Our summer intern Isabelle has been sharing her progress as she works on an outreach kit about immigration, migration and refugees. This week she discusses the challenges of working on a project of this scope during the COVID-19 pandemic. 

For museums and other education institutions the COVID-19 pandemic has created new barriers to research and outreach.

When the pandemic hit Canada in March, libraries and archives closed. This meant my research was limited to my personal sources and those I could find online. Thankfully, as a UBC student, I have access to the UBC Library online collections, including full digital versions of articles and books. I could consult many secondary sources online without much trouble.

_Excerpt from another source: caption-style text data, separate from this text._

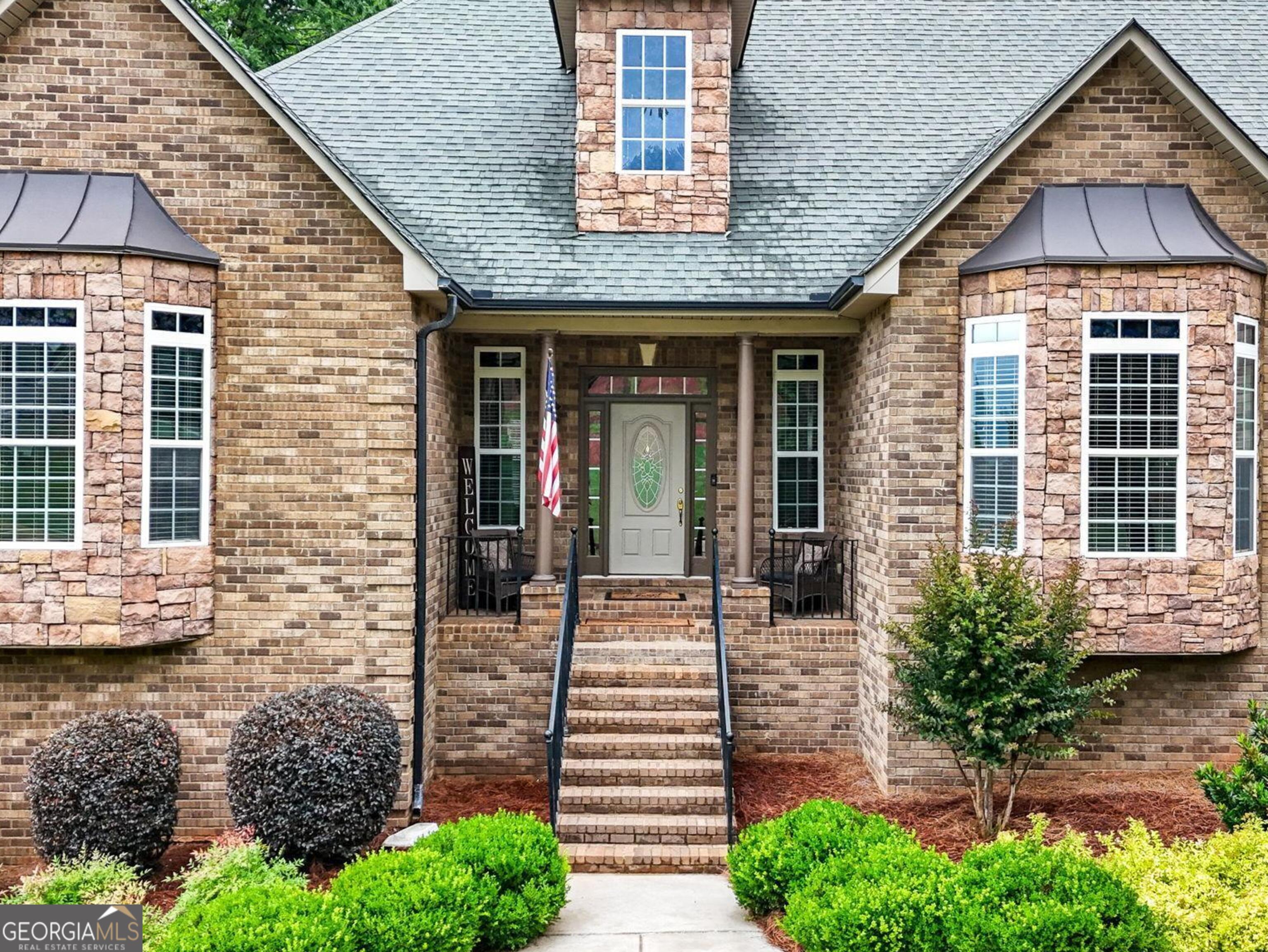 124 Belford WAY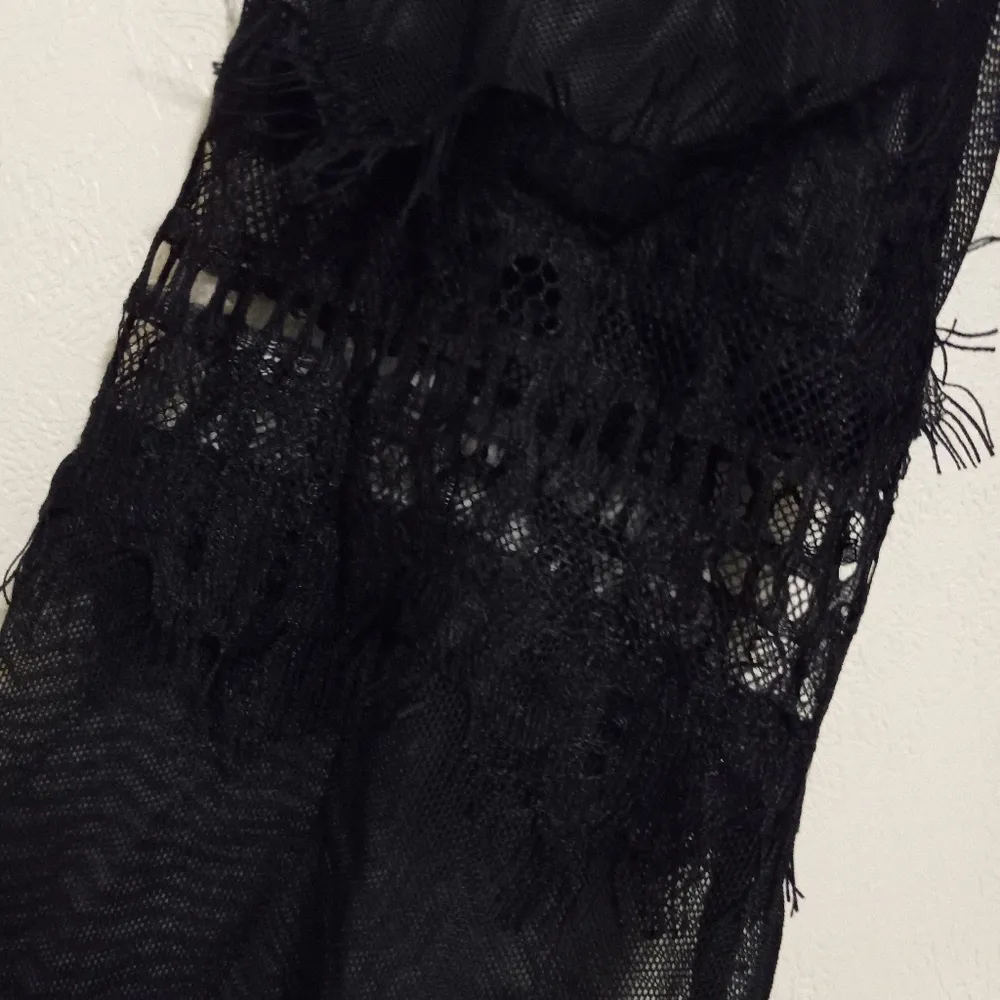 Charlotte Russe S Long Sleeved Black Eyelash Lace Trimmed Body Suit - Image 4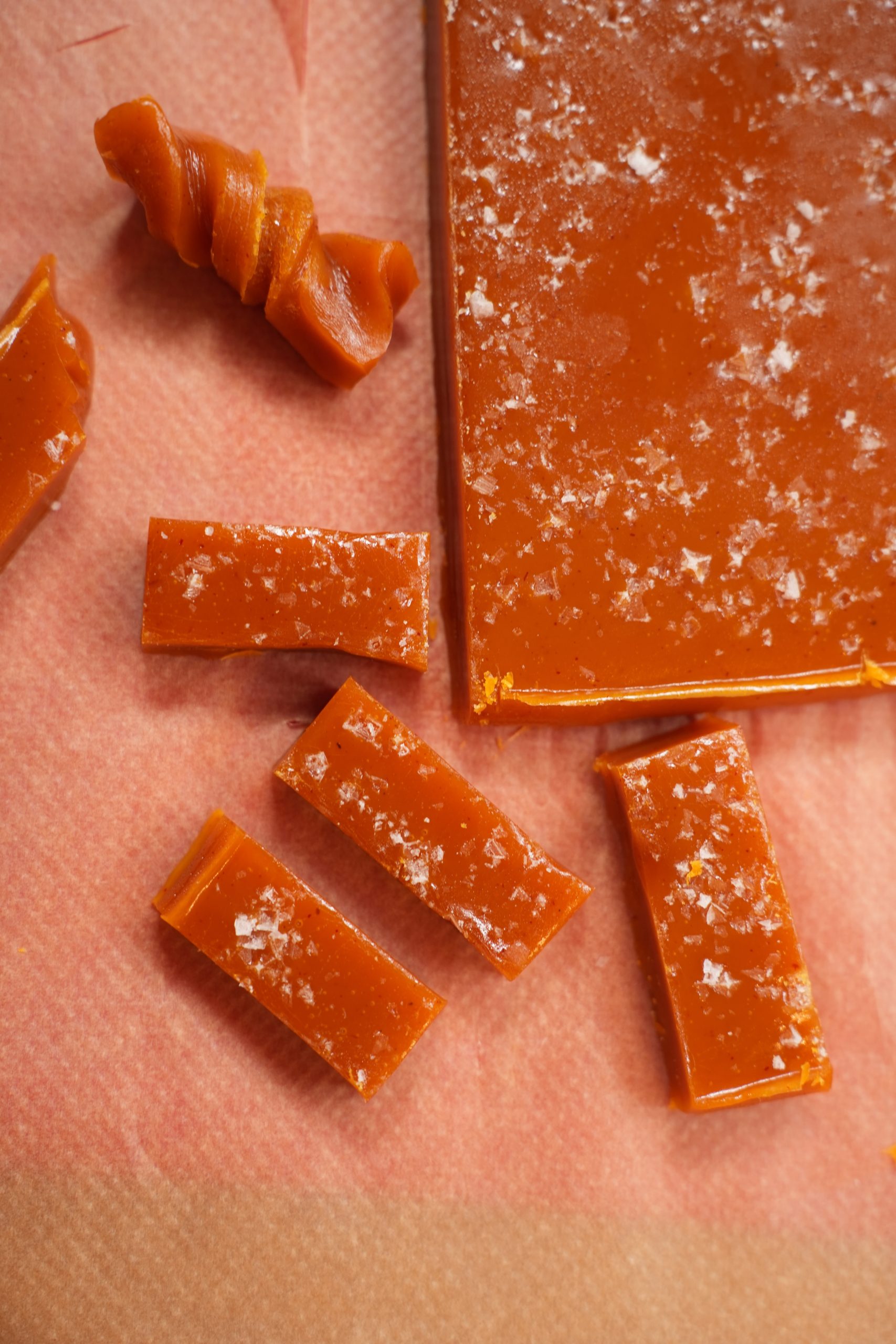 brynt smörkola med saffran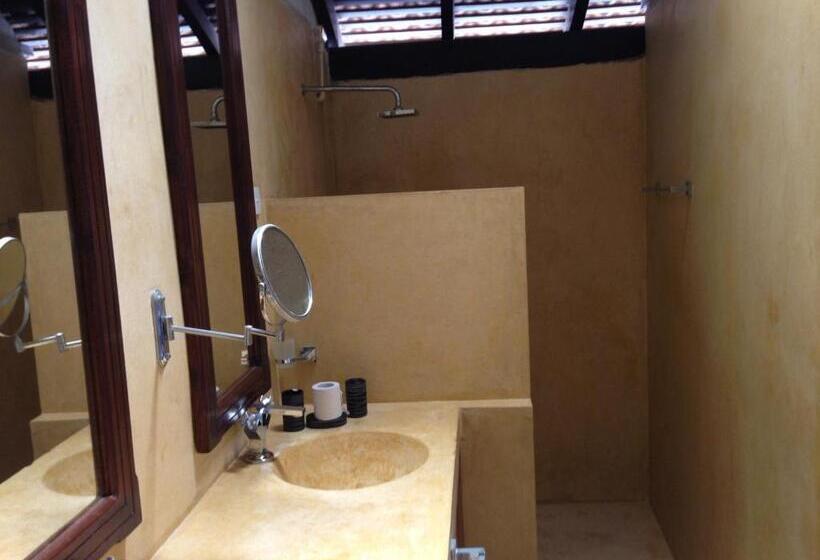 פנסיון Khalid S Guest House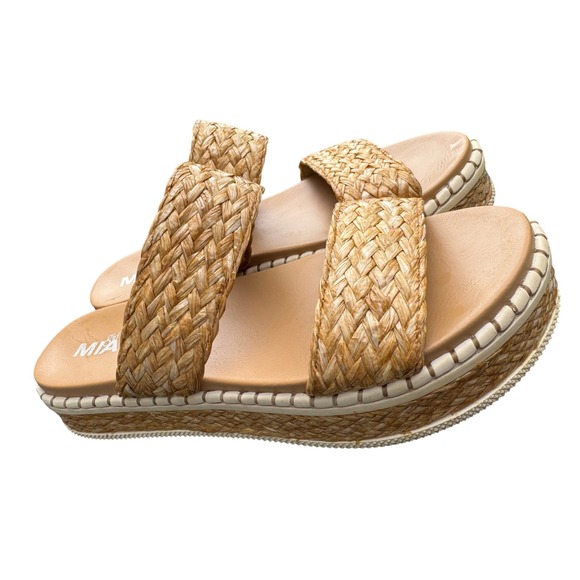 MIA Tan Woven Platform Sandals - Picture 7 of 9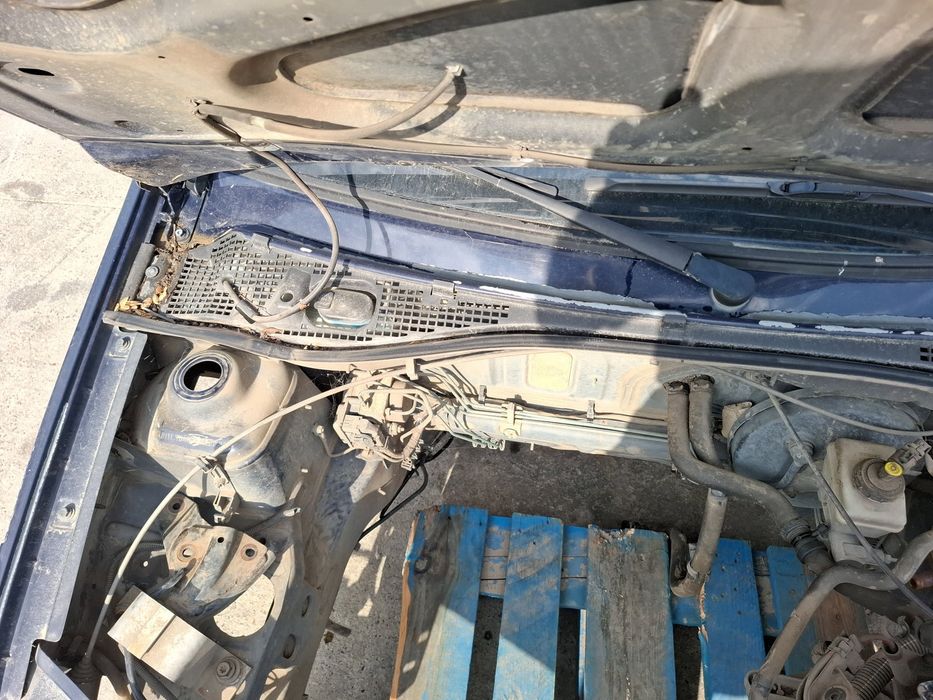 Grila stergator parbriz-dreapta Dacia Logan (LS) [Fabr 2004-2012] OEM
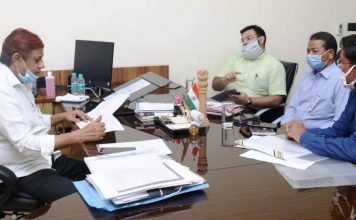 यात्री वाहनों के परमिट संबंधी प्रकरणों का शीघ्रता से निराकरण हो – परिवहन मंत्री श्री अकबर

Finding primary sources was a bit trickier. I needed them for my research and to include in the education kits for students to read and analyze themselves. Fortunately, many libraries and archives in B.C. have digitized their collections over the past few years. I could sit in my living room and consult historical documents and photographs held in archives. I am particularly grateful to VMM Open Collections, the Royal BC Archives, the City of Vancouver Archives, UBC Library Open Collections, SFU Library Digitized Collections and the University of Victoria Libraries Online British Colonist database. The tireless work of archivists made it possible for me and countless other researchers around the world to access key sources despite restrictions on movement. Of course, not everything has been (or can be) digitized. Because so many archives remain closed or are open with strict restrictions, I have been unable to include every source I’d hoped to. 

This is one of the main limitations of my project, and it makes the outreach kit itself an artifact of this time. When future historians ask, “how did researchers adapt during the COVID-19 pandemic?” they can use my outreach kit (and these blog posts) as a primary source! 

Education

At the other end of the outreach process is the use of the kits by teachers. This is also negatively impacted by the pandemic. Back to school in BC is scheduled for September, but with new health guidelines that include physical distancing and disinfection of shared physical objects. These classroom conditions are not conducive to small groups crowded around small photos.

Object handling proves another challenge, as there is no way to sanitize some objects between each student handling it. For example, one activity involves students passing around, examining and analyzing work tools like fishing equipment, watering cans and sewing supplies. This is hard to do when the teacher has to sanitize the object between each student and also has the potential to damage the object itself. Furthermore, teachers will be focused on adapting to a new classroom environment and probably will not have the bandwidth to incorporate new education kits into their lesson plans.

The museum will likely not be renting out this outreach kit for at least a year. We’re waiting to buy the objects we’ll include in the kits and print the physical copies of the documents included in the kit (teacher’s guide, timelines, primary documents, etc.). This means other museum staff will finish preparing the kit, which makes sense since this, like all other education tools, has been a joint effort.

I have learned so much from this project—about our history, about learning and about myself. This has been a chance to explore my future career while producing something real. I am proud of the outreach kit we have created, and I believe it does important work by telling stories that are often overlooked or forgotten. It is strange, though, to realize that no students or teachers will get to see or use the kit for many months after it’s finished. These are strange times, after all.